Cabinet of the Unknown

28 Jul – 2 Oct 2017

The long tradition of museum practice calls for museums to serve as institutions that provide knowledge.

In classic museology, knowledge is a commodity that a museum offers, whereby the visitor accepts the validity of that knowledge.

The Museum of Things is known for being unconventional in terms of its curatorial concept, museological classification and knowledge production.
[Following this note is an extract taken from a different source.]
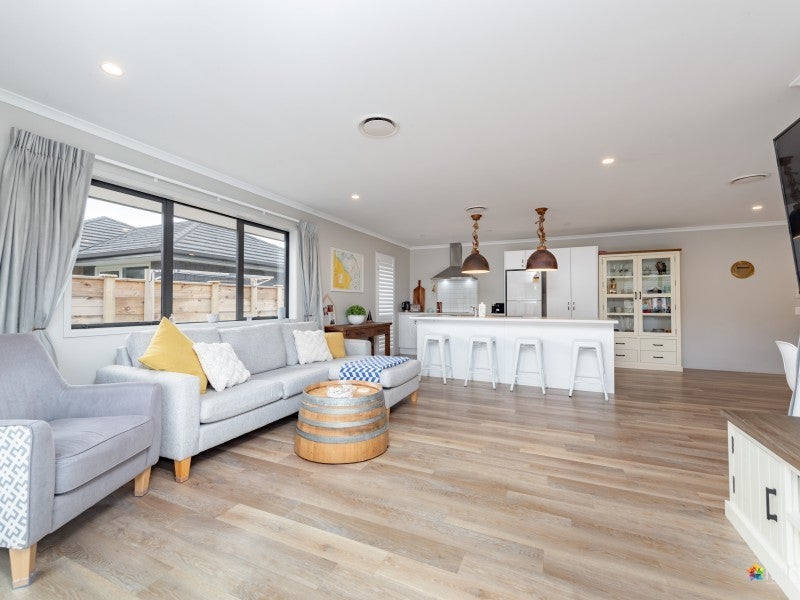 9 Shearwater Lane, Whitby, Porirua - Carousel 2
Within this respect, the exhibition project “Cabinet of the Unknown” invites a particular section of Oranienstrasse to redefine the unknown and co-create a knowledge platform.

Taking the Berlin Key as the ‘key’ object of the entire project, the participatory exhibition “Cabinet of the Unknown” dwells on the unknown through the processes of knowing and creating acquaintance. As an object widely known in Berlin, but unfamiliar to those who are not from this city, it stands for the connection between the unknown and the known, between the inside and the outside, the museum situated in the back yard and the street.

The ”Cabinet of the Unknown” exhibition is composed of objects selected not only by a curator but also by its “cabinet members” (i.e. the Oranienstrasse participants). As the starting point of the project, every museum team member was asked to select an unknown object in the museum’s collection and to name ‘unknown’ or interesting locations on Oranienstrasse (between Moritzplatz and Görlitzer Bahnhof). The second act was to invite the ‘unknown’ people from the selected locations to the museum to discuss the unfamiliar objects of the museum team. They were then sent on a quest to find their own mystery object in the collection and, to generate a ripple effect, they also selected ‘unknown’ or interesting locations in the same area. Following this methodology, the circles of unknown objects and locations expanded over four ‘Cabinet Meetings.’

Within this collaborative curatorial process, the focus moves away from the museum, yet expands its borders through its participants from Oranienstrasse to the immediate vicinity of the museum. The street can be seen as a microcosm of the city of Berlin and as a hub of the different cultural backgrounds: a potential productive factor in generating collective knowledge.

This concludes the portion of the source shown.